Provided material ->
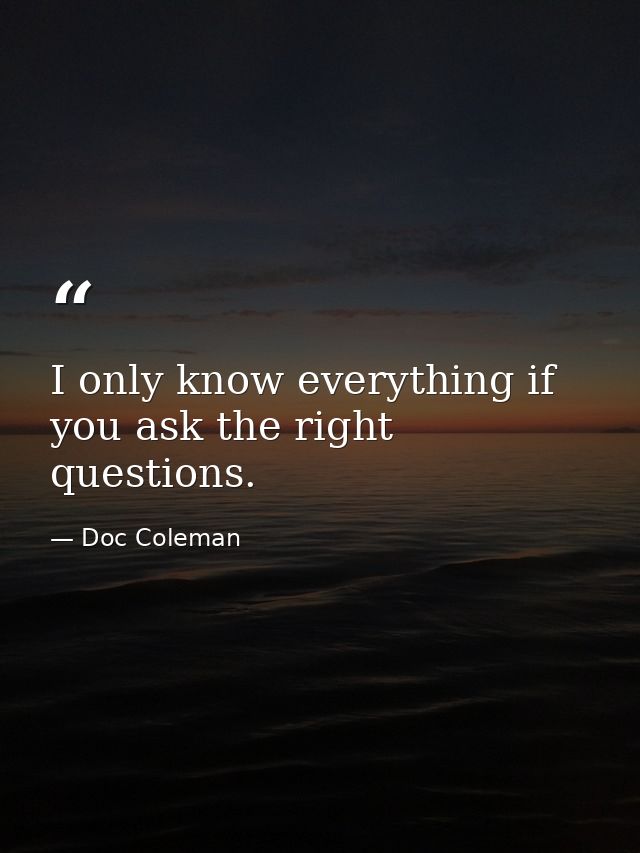I only know everything if you ask the right questions. — Doc Coleman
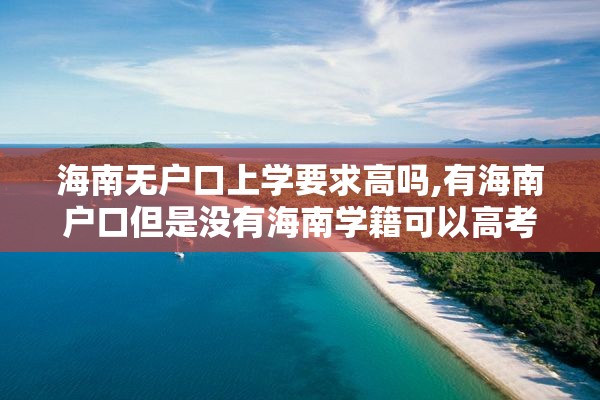 海南无户口上学要求高吗,有海南户口但是没有海南学籍可以高考吗?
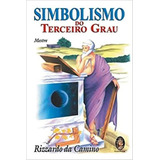 Trilogia Simbolismo Do Primeiro Segundo E Terceiro Grau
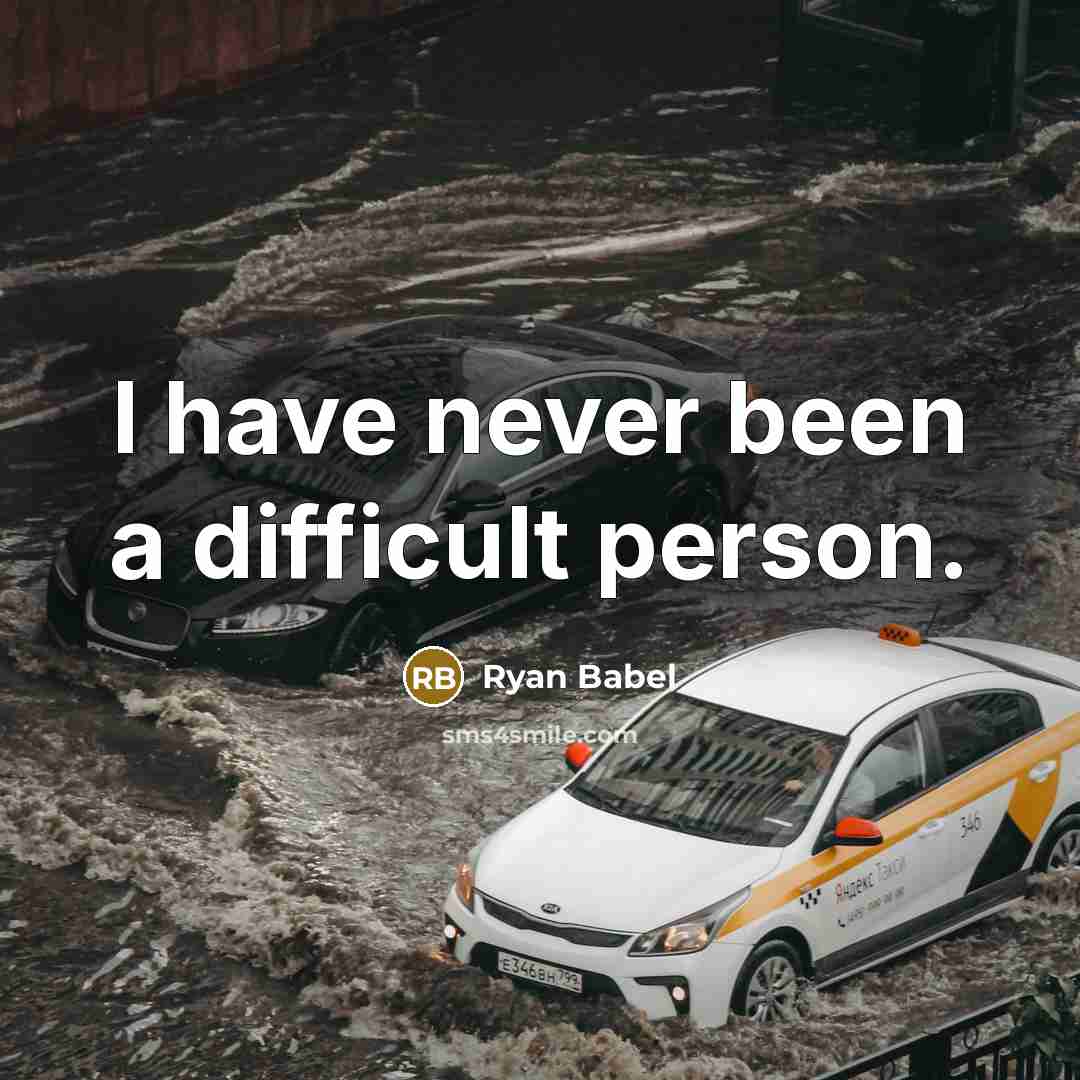“I have never been a difficult person.…” quote by Ryan Babel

What this task involves ->
Would you retype all the material above exactly, apart from its pictures?

Written answer ->
I only know everything if you ask the right questions. — Doc Coleman
 海南无户口上学要求高吗,有海南户口但是没有海南学籍可以高考吗?
 Trilogia Simbolismo Do Primeiro Segundo E Terceiro Grau
“I have never been a difficult person.…” quote by Ryan Babel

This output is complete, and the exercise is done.